The Royal Academician’s major exhibition in London turns to us, the people of modern Britain, unveiling 14 new portraits that spotlight the complexities behind our identity.

  • Who are You?, Grayson’s Perry’s new exhibition at the National Portrait Gallery, continues his detective work into the unstable components of our identity – our gender, religion, politics – through the playful use of traditional art forms. Like class or aesthetic taste, identity is often taken for granted but problematic to define. “People like to think that they have a handle on who they are”, Perry said at the exhibition’s press conference, “but I fear we are all just a collection of baggage and there is nobody holding the baggage”. This absence takes visual form in the empty centre of his metaphorical self-portrait, A Map of Days (below).

  • Grayson Perry RA, A Map of Days

    Grayson Perry RA, A Map of Days, 2013.

    © The artist courtesy of Victoria Miro Gallery. Photo: Royal Academy of Arts, London.

  • Perry’s portraits are interspersed through the 19th- and 20th- century permanent collections – a small logo of a man kicking a tin is next to each painting, leading us on a trail from work to work. Perry dislikes the reductive convention of trying to capture physical likeness and his works are “not primarily concerned with what the subjects look like”. Process plays a more important part in the artist’s creativity and he explains that the formats of the portraits came out of his encounters “with the subjects and their environment.” The portraits, like identity itself, comprise a narrative and unsettle the conventional charge that the historic genre of portraiture conveys essential aspects of character. They are snapshots of identity, which Perry highlights is “co-created, shifting, multilayered”, a lifelong performance that evolves and adapts to certain situations. “It is not this clean, simple ‘you are like this’. It is a poetic thing, a series of metaphors and experiences that build up.”

    The works represent the “unusual and troubled”, who stand out next to the impervious, polished “icons of British solidarity” that hang alongside them. Interestingly, the portrait of X Factor contestant Rylan Clarke subtly interacts, even blends in, with the miniatures of George Eliot and Wilkie Collins. Clarke’s portrait is a gilt-framed 21st century version of an Elizabethan court portrait. Aptly titled The Earl of Essex, the painting has a shiny surface that echoes both the smartphone central to paper-thin celebrity culture and the media lens through which Rylan’s identity is magnified.

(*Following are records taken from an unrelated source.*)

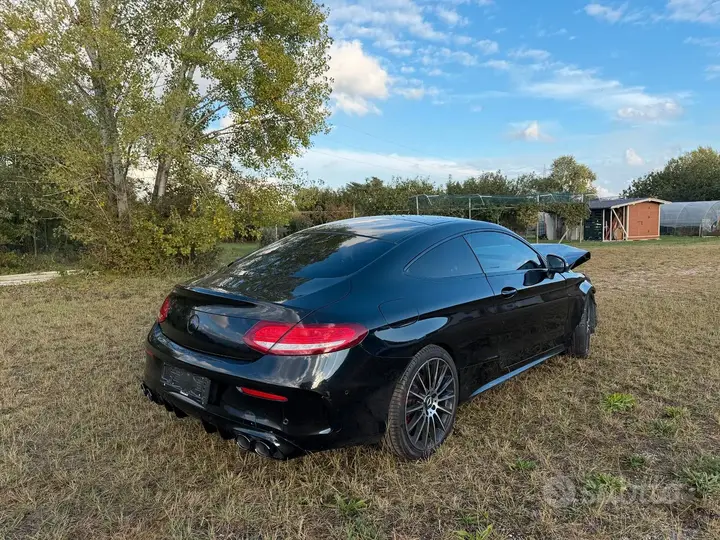 Mercedes-Benz C 250 2016 photo 4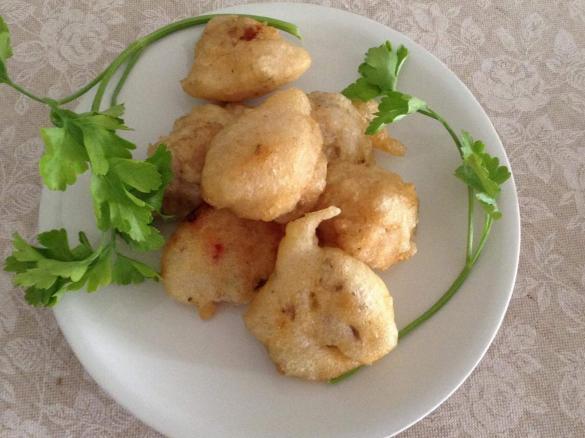 Crespelle salate ai funghi e alle acciughe, capperi e prezzemolo 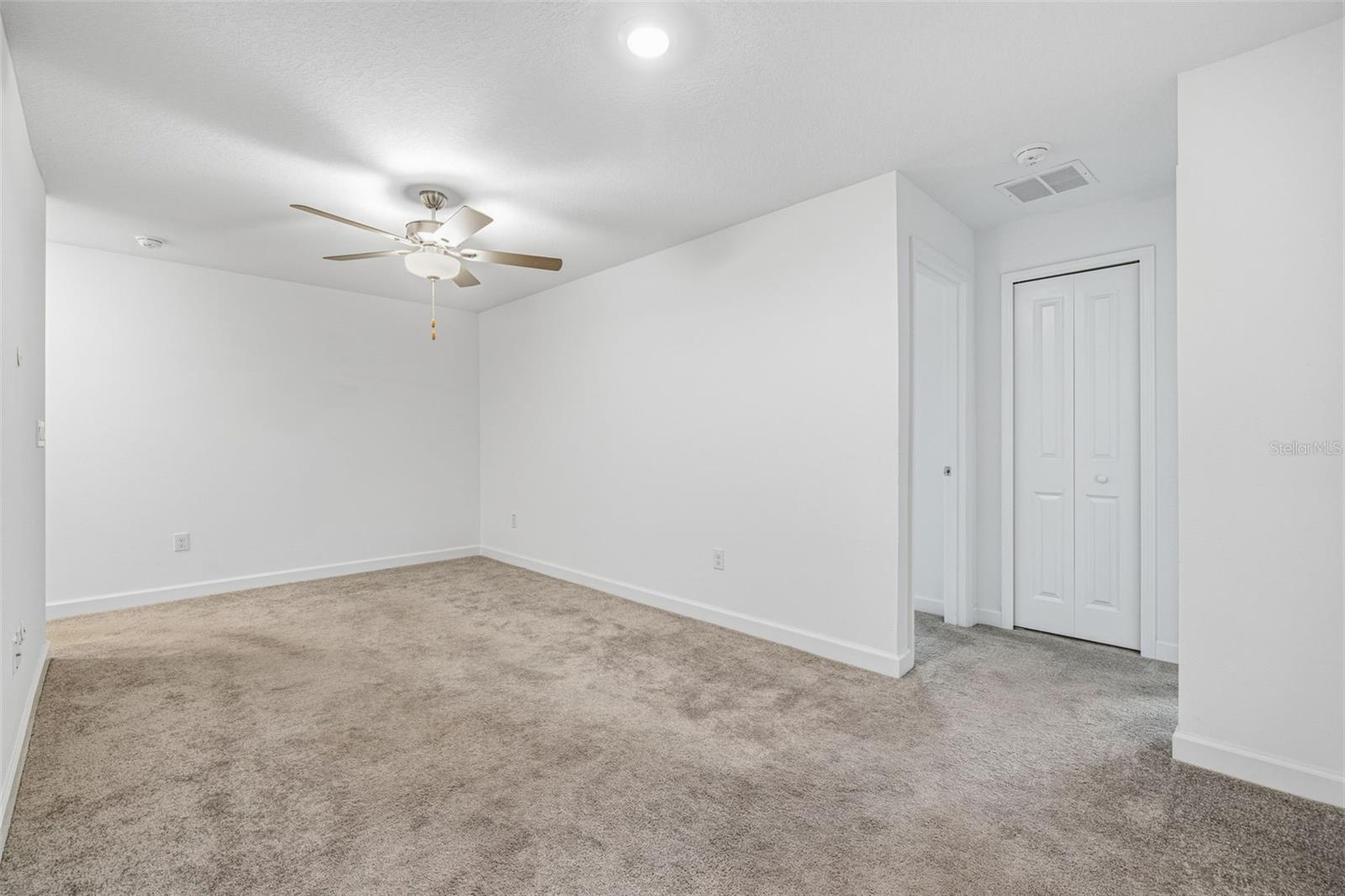 BRYANT SQUARE - Residential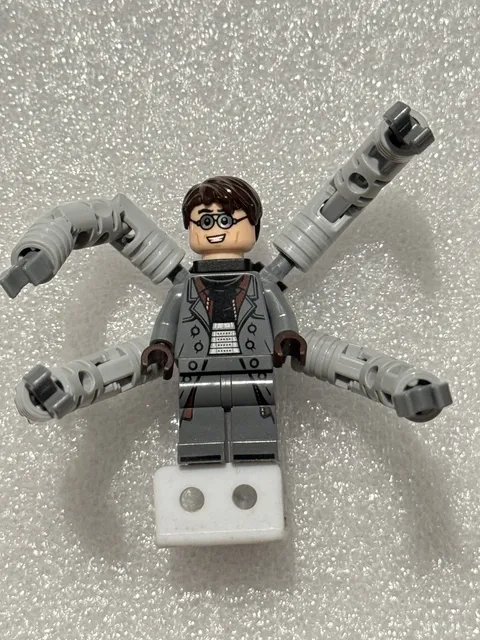LEGO Marvel Doctor Octopus (Doc Ock) Minifigure with 4 Mechanical Arms - Spider-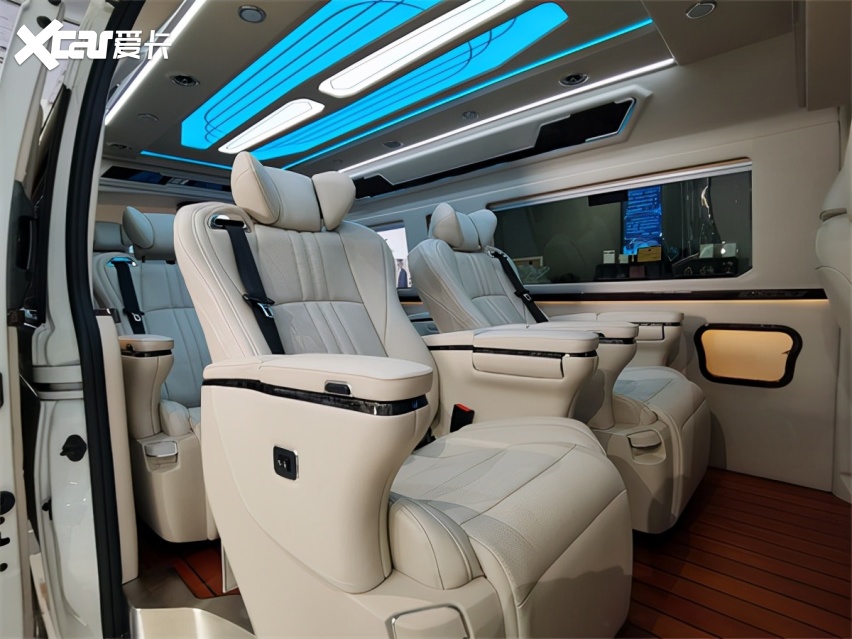 进口2022款丰田海狮改装豪华商务车,强劲动力超大尺寸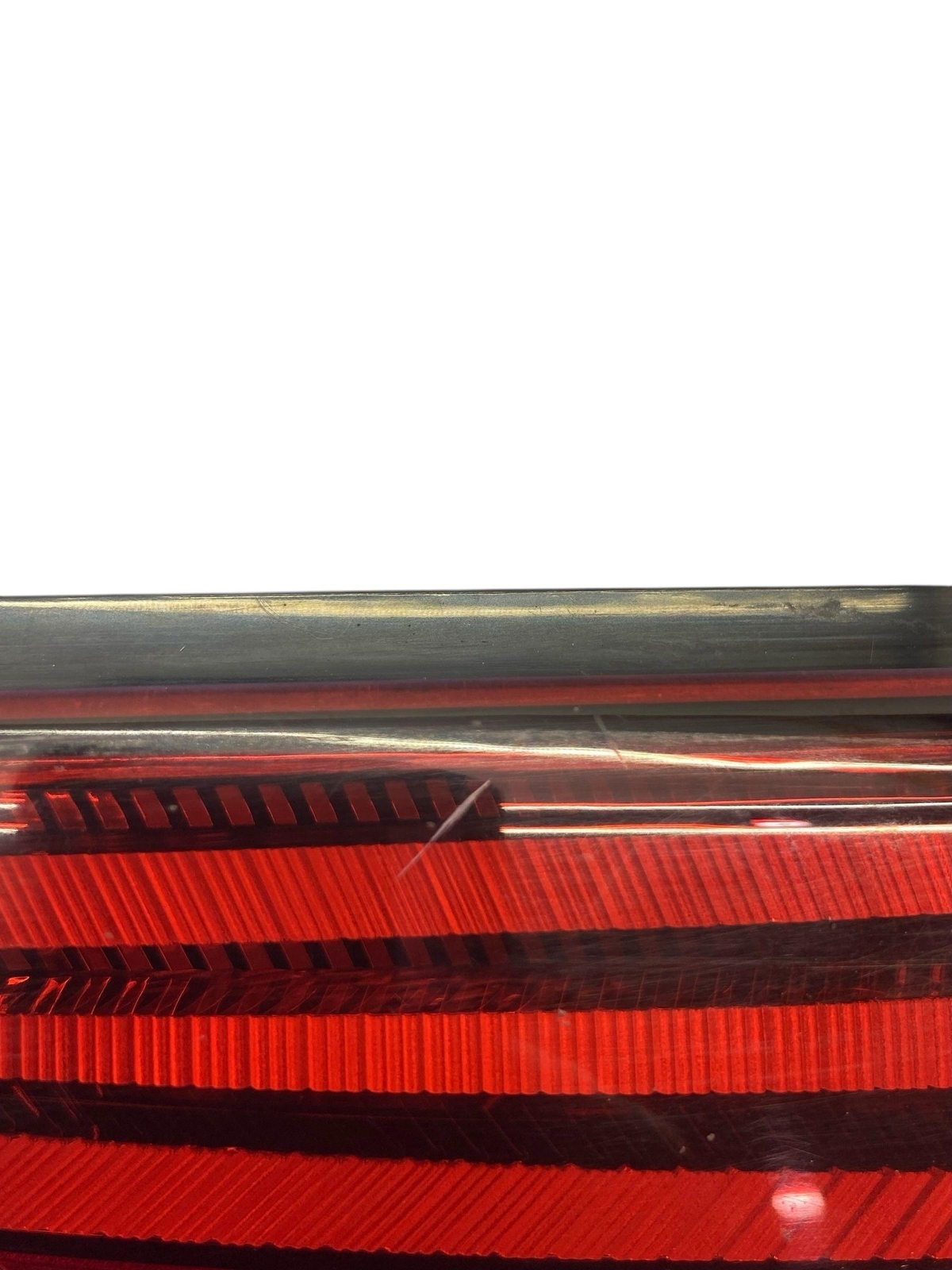 2019-2023 ASTON MARTIN VANTAGE REAR RIGHT QUARTER MOUNTED TAIL LIGHT ASSEMBLY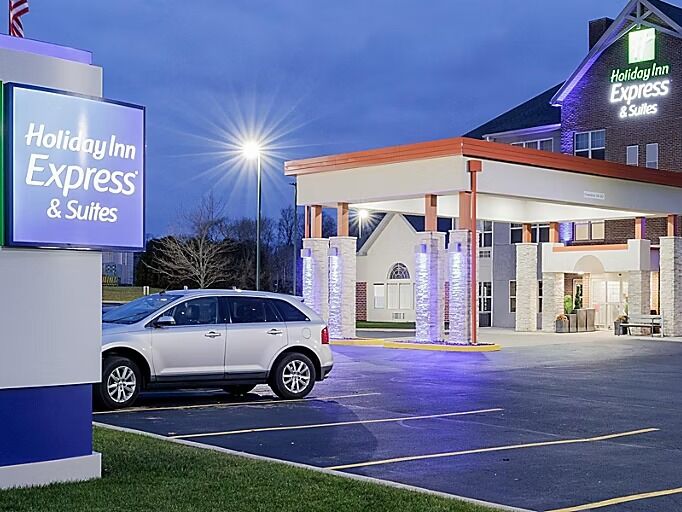 Picture of Holiday Inn Express & Suites Zion, an IHG Hotel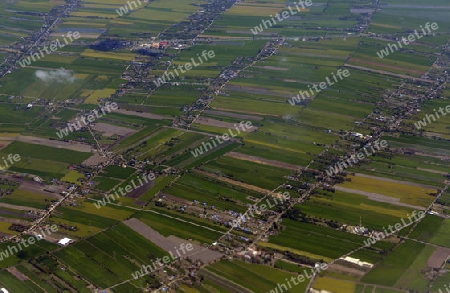 Sicht von einem Flugzeug auf dem Flug ueber Chiang Mai im norden von Thailand in Suedostasien.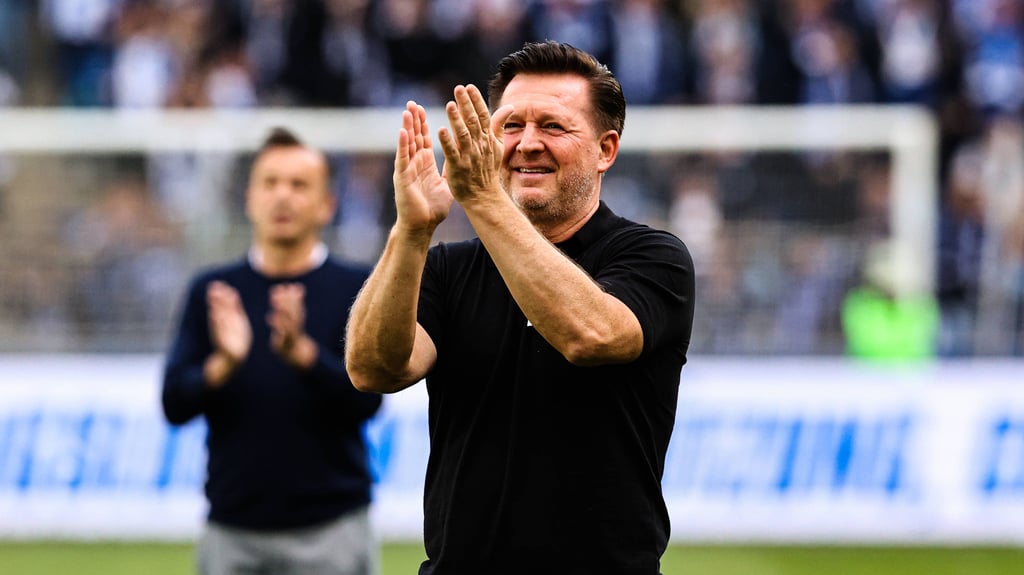 Christian Titz applaudiert den Fans des 1. FC Magdeburg nach dem letzten Heimspiel der Saison. Es war sein letzter Auftritt als FCM-Trainer nach viereinhalb erfolgreichen Jahren.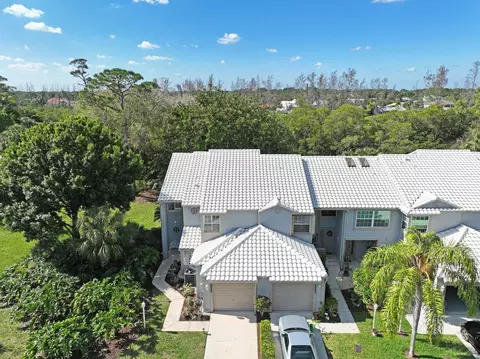 8886 SE Riverfront Ter, Jupiter, FL 33469 photo 2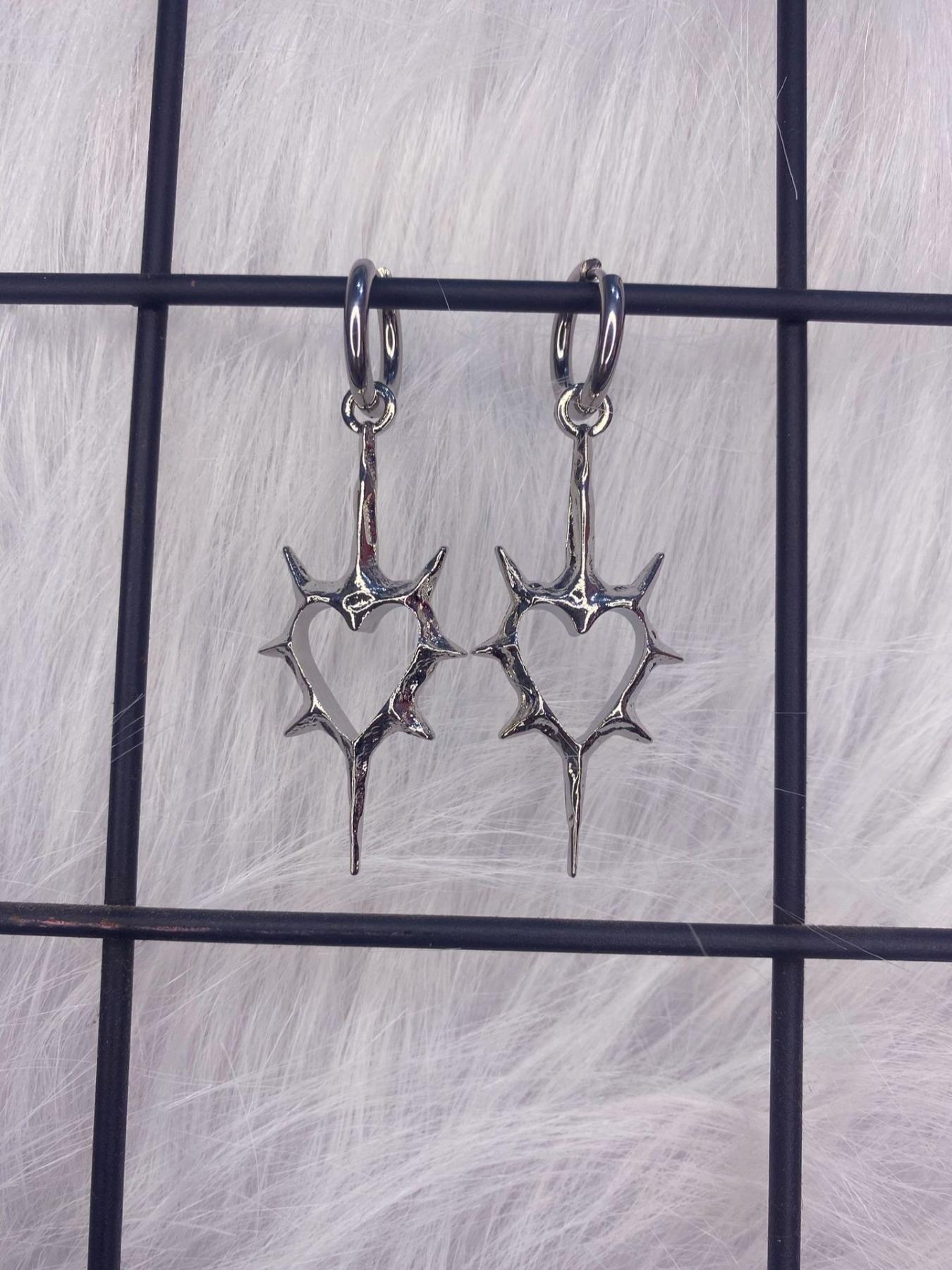 Elegant Hollow Thorn Heart Earrings, Unisex Metal Jewelry, Simple Design for Men and Women, Perfect Gift Idea, Durable and Stylish Accessory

  • Female to male transsexual Alex White is depicted in the heroic form of a statue titled I am a Man – the indeterminate figure of Peter Pan in the style of a Benin bronze. Alex White holds a horn, a symbol that victoriously affirms his masculine identity. On show in a gallery called ‘Expansion and Empire’, White’s proclamation of an identity outside gender convention is celebrated in a space of colonialism. The Ashford Hijab (pictured at top), fittingly made of screen-printed silk, depicts Kayleigh Khosravi leaving the pressures of consumer culture and finding refuge in the mosque, a tranquil place of sisterhood. Like White’s horn, Kaleigh’s hijab is a physical proclamation of new identity and is a symbol of the certainty offered to her by faith.

    Disgraced cabinet minister Chris Huhne adopts the form of a ceramic vase, appropriately on display in the central hall alongside other figures from the British political establishment. The repeated motif of Huhne’s penis and personalised number plate, inspired by Warhol, acts as a provocative retort to the white, middle-class male that denies being one of many in an “elite tribe”. Here Perry uses ceramics for as biting a satirical purpose as Hogarth used prints. The pot has been smashed and then put back together, with the cracks painted with gold leaf – a metaphor for the importance that public figures display their vulnerability.

    Perry explains that philosopher Julian Baggini’s phrase “‘I’ is a verb masquerading as a noun” underpins his understanding of identity. Most importantly, he claims, his job as an artist is to address the truths that surface when our identity is called into question.

    Grayson Perry: Who are You? is at the National Portrait Gallery, London, until 15 March 2015, accompanied by a three-part film series on Channel 4.

    Isabel Morrish is a contributor to RA Magazine.